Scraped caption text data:
◆ ◆ ◆ ◆ ◆ ◆ ◆

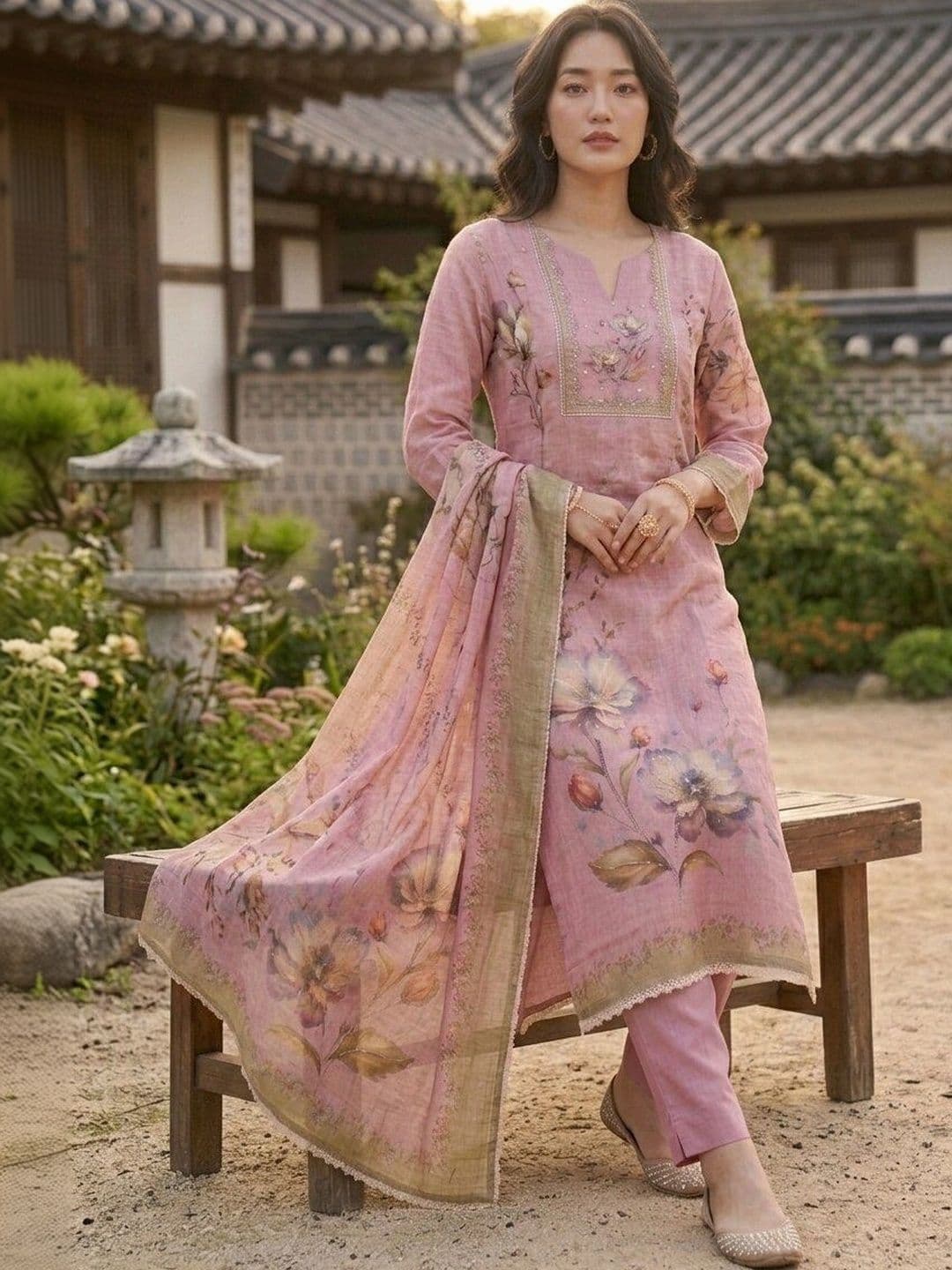 WaCraz Printed Semi-Stitched Dress Material thumbnail 3
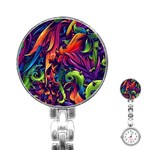 Colorful Floral Patterns, Abstract Floral Background Stainless Steel Nurses Watch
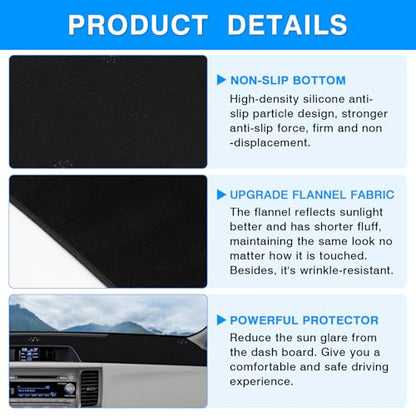 Autorder Dashboard Cover Mat for Toyota Sienna 2011-2014 Accessories Dash Cover Upgrade Flannel Dash Mat Sunshade Glare UV Rays Protector - size: Black 11-14 Sienna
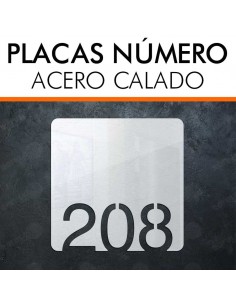 PLACA NUMERO ACERO CALADO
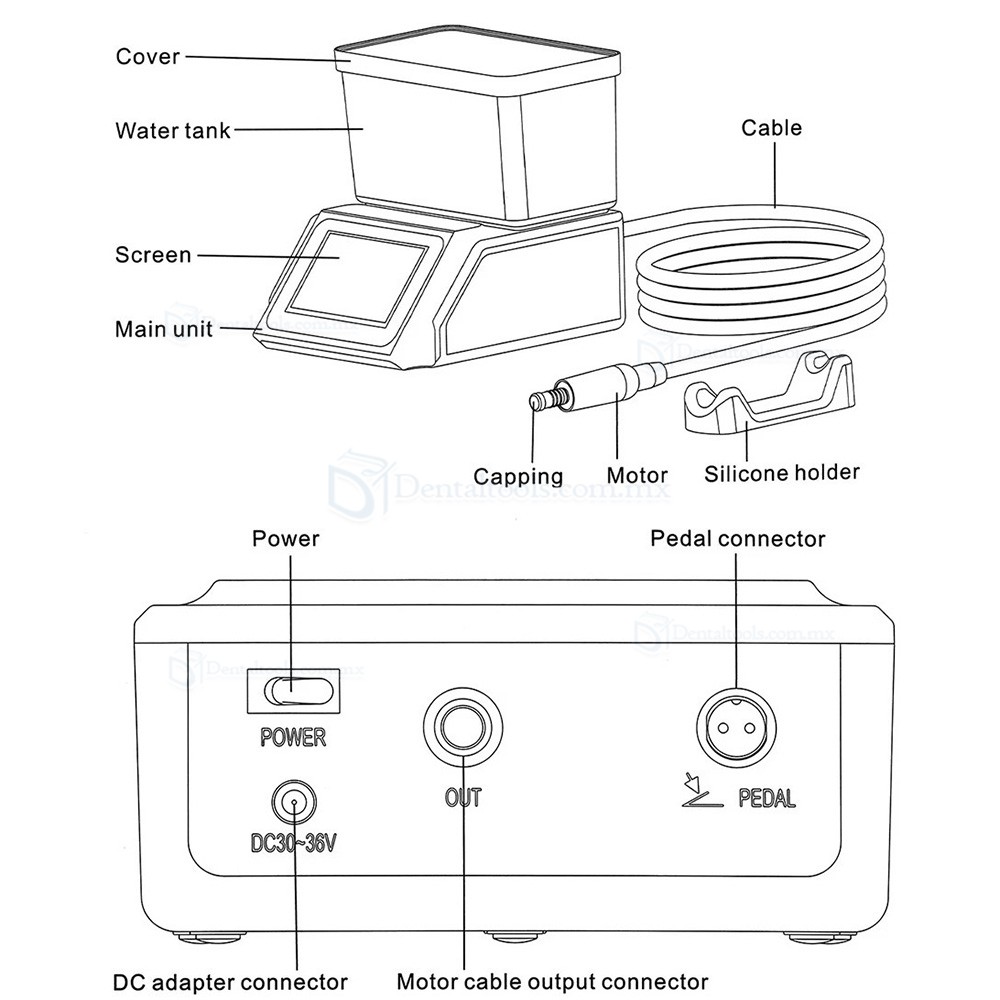 WM-E5 Micromotor quir&uacute;rgico sin escobillas con LED e irrigaci&oacute;n aut&oacute;noma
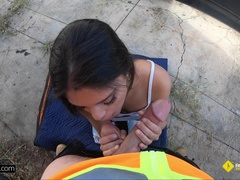 Joceyln Stone gets stranded with a broken car and fucks for help!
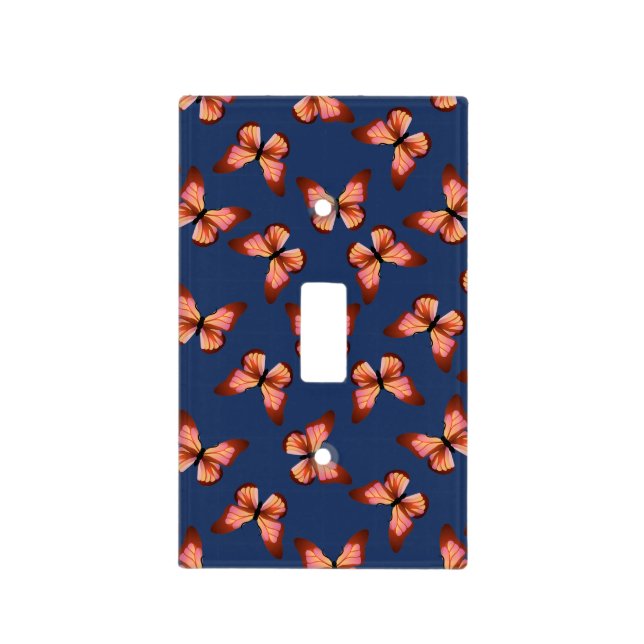 Butterflies Orange Pink Black Pattern Light Switch Cover (Front)
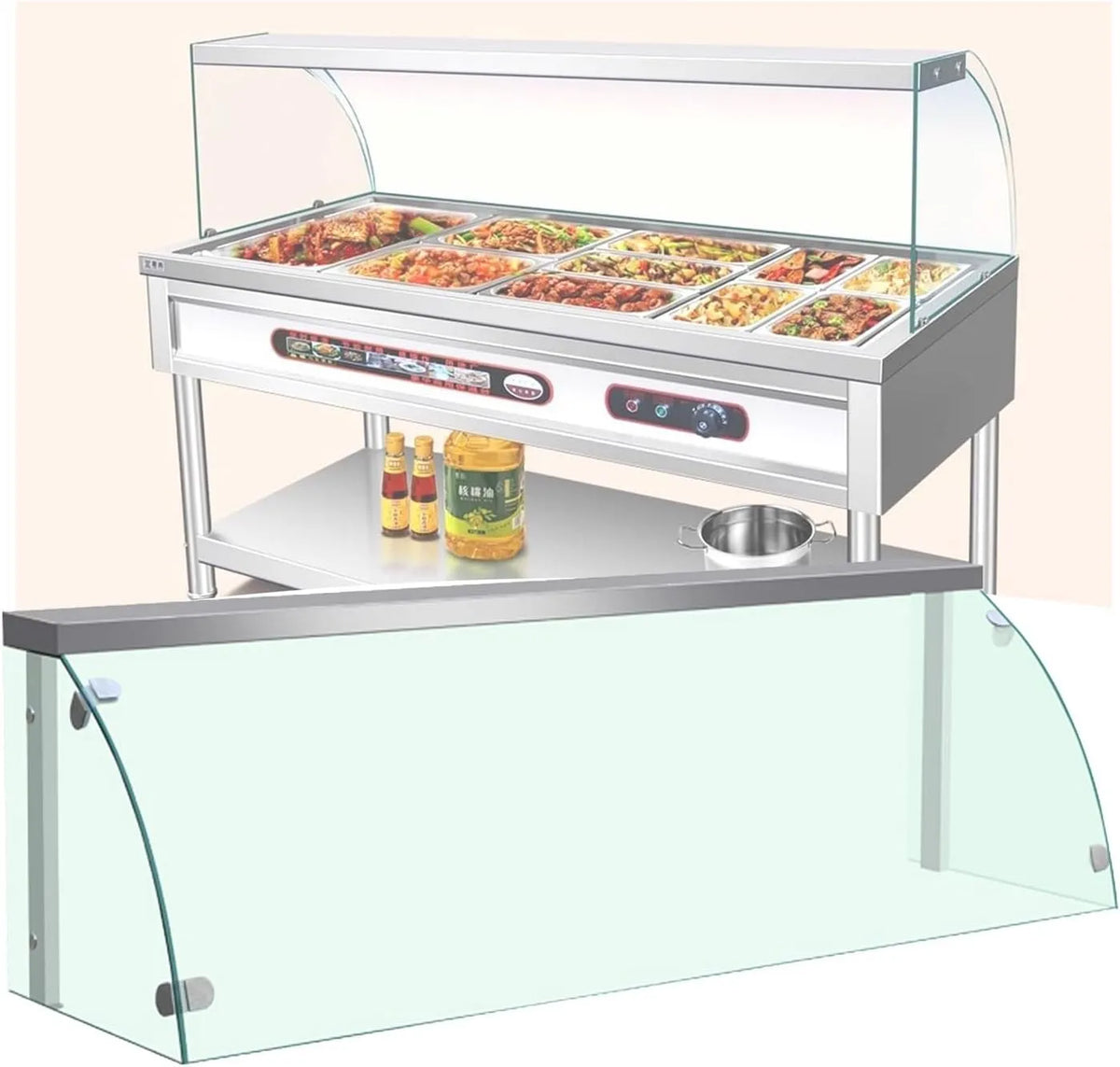 Vetrina refrigerata, pasticceria, professionale, Vetrina refrigerata commerciale con recinzione a tre lati per il riscaldamento degli alimenti a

◆ ◆ ◆ ◆ ◆ ◆ ◆

Goal of the exercise:
Write out all the entries exactly, except for the pictures.

Solution for this problem:
 WaCraz Printed Semi-Stitched Dress Material thumbnail 3
 Colorful Floral Patterns, Abstract Floral Background Stainless Steel Nurses Watch
 Autorder Dashboard Cover Mat for Toyota Sienna 2011-2014 Accessories Dash Cover Upgrade Flannel Dash Mat Sunshade Glare UV Rays Protector - size: Black 11-14 Sienna
 PLACA NUMERO ACERO CALADO
 WM-E5 Micromotor quir&uacute;rgico sin escobillas con LED e irrigaci&oacute;n aut&oacute;noma
 Joceyln Stone gets stranded with a broken car and fucks for help!
 Butterflies Orange Pink Black Pattern Light Switch Cover (Front)
 Vetrina refrigerata, pasticceria, professionale, Vetrina refrigerata commerciale con recinzione a tre lati per il riscaldamento degli alimenti a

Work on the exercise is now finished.